Sono passati settant’anni, ma il ricordo è sempre mantenuto vivo. Molti stadi portano ancora il nome di quei campioni che riunivano l’Italia della rinascita nelle maglie Granata. Un calcio antico, un mondo lontano che Dino Buzzati, inviato dal Corriere sul luogo della tragedia, rende attuale anche a tre quarti di secolo di distanza: ”All' improvviso gli assi del pallone, i calciatori formidabili, i campioni [...] questi ideali dell' eta' moderna non sono piu' che uomini, giovani creature con madri, spose, figli con la loro casa amata, il letto dove mai piu' dormiranno, i loro trofei che la polvere degli anni fara' a poco a poco impallidire. […] Bel merito, saper dare dei calci ad un pallone: val la pena, per una prestazione simile, farne dei superuomini, per essi sgolarsi, smaniare, soffrire, spendere un mucchio di quattrini? Cosi' si pensava molto spesso. E ci voleva la tragedia del Torino per aprirci gli occhi. Ecco che cosa sono i grandi calciatori, lo si e' letto oggi sul volto di troppa gente perche' ci si possa ostinare a non intendere. […] essi portano ogni domenica un soffio di fantasia e di nuova vita […] “.
Fantasia e tanta passione, per il loro lavoro. Dirigenti, giornalisti, allenatori presenti insieme ai calciatori sull'aereo sono accomunati nella tragedia. Nessun superstite. E tra i racconti di chi si è impegnato a lavorare attorno alle macerie ci sono anche quelli legati a Romeo Menti. Lui con la Fiorentina aveva sollevato la prima storica Coppa Italia e disputato oltre un centinaio di partite segnando più di cinquanta goal. Con il Toro lo scudetto e anche quell'ultima rete a Lisbona contro il Benfica. L'ultima rete del Grande Torino.

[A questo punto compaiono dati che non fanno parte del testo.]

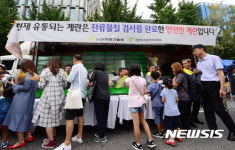 계란 이제는 안심하고 드세요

Aveva scelto Firenze come casa. E proprio sul risvolto di quello che restava della sua giacca, quel tragico pomeriggio, fu ritrovato uno stemma della Fiorentina.
Calciatori sconfitti solo dal destino che Indro Montanelli, in un articolo il giorno successivo alla tragedia, prova a sintetizzare con queste parole “[...] e cosi' crederanno, i ragazzi, che il Torino non e' morto: e' soltanto in trasferta".